* **Prompt**
Would you please write out each entry precisely as given?

* **Data records**

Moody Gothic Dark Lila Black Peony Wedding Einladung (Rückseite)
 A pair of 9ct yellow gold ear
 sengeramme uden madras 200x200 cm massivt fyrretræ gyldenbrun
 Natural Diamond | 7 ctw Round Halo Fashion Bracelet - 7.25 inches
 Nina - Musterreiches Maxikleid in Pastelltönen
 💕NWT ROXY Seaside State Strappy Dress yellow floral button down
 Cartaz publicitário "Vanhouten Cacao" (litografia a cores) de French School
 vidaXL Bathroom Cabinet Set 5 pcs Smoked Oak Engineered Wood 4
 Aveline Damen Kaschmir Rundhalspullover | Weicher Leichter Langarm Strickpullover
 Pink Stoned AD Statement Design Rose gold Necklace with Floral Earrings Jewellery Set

* **Exercise answer**
Moody Gothic Dark Lila Black Peony Wedding Einladung (Rückseite)
 A pair of 9ct yellow gold ear
 sengeramme uden madras 200x200 cm massivt fyrretræ gyldenbrun
 Natural Diamond | 7 ctw Round Halo Fashion Bracelet - 7.25 inches
 Nina - Musterreiches Maxikleid in Pastelltönen
 💕NWT ROXY Seaside State Strappy Dress yellow floral button down
 Cartaz publicitário "Vanhouten Cacao" (litografia a cores) de French School
 vidaXL Bathroom Cabinet Set 5 pcs Smoked Oak Engineered Wood 4
 Aveline Damen Kaschmir Rundhalspullover | Weicher Leichter Langarm Strickpullover
 Pink Stoned AD Statement Design Rose gold Necklace with Floral Earrings Jewellery Set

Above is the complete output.